◆ Dataset extract:
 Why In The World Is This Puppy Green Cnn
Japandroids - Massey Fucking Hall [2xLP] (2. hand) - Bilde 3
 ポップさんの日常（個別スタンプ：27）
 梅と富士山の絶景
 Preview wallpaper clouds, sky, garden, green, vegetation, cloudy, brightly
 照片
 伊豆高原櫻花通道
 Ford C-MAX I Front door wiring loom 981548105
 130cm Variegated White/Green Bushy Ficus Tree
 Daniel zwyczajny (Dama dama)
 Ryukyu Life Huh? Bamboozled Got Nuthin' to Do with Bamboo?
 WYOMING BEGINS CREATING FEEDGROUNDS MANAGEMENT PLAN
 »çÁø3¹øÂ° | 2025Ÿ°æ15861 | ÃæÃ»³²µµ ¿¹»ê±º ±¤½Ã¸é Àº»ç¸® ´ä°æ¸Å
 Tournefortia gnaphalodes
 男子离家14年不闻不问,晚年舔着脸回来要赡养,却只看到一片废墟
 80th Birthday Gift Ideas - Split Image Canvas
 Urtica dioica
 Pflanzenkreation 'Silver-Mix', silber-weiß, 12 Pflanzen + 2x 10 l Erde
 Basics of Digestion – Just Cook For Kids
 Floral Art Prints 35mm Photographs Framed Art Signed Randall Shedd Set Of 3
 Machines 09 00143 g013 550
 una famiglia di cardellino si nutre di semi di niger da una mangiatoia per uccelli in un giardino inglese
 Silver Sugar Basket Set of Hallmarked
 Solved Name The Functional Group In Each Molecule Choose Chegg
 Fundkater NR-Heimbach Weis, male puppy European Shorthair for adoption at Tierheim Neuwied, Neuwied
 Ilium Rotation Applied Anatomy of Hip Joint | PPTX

◆ Requirement: Set down the whole listing once more, exactly as it appears.

◆ Solution below:
 Why In The World Is This Puppy Green Cnn
Japandroids - Massey Fucking Hall [2xLP] (2. hand) - Bilde 3
 ポップさんの日常（個別スタンプ：27）
 梅と富士山の絶景
 Preview wallpaper clouds, sky, garden, green, vegetation, cloudy, brightly
 照片
 伊豆高原櫻花通道
 Ford C-MAX I Front door wiring loom 981548105
 130cm Variegated White/Green Bushy Ficus Tree
 Daniel zwyczajny (Dama dama)
 Ryukyu Life Huh? Bamboozled Got Nuthin' to Do with Bamboo?
 WYOMING BEGINS CREATING FEEDGROUNDS MANAGEMENT PLAN
 »çÁø3¹øÂ° | 2025Ÿ°æ15861 | ÃæÃ»³²µµ ¿¹»ê±º ±¤½Ã¸é Àº»ç¸® ´ä°æ¸Å
 Tournefortia gnaphalodes
 男子离家14年不闻不问,晚年舔着脸回来要赡养,却只看到一片废墟
 80th Birthday Gift Ideas - Split Image Canvas
 Urtica dioica
 Pflanzenkreation 'Silver-Mix', silber-weiß, 12 Pflanzen + 2x 10 l Erde
 Basics of Digestion – Just Cook For Kids
 Floral Art Prints 35mm Photographs Framed Art Signed Randall Shedd Set Of 3
 Machines 09 00143 g013 550
 una famiglia di cardellino si nutre di semi di niger da una mangiatoia per uccelli in un giardino inglese
 Silver Sugar Basket Set of Hallmarked
 Solved Name The Functional Group In Each Molecule Choose Chegg
 Fundkater NR-Heimbach Weis, male puppy European Shorthair for adoption at Tierheim Neuwied, Neuwied
 Ilium Rotation Applied Anatomy of Hip Joint | PPTX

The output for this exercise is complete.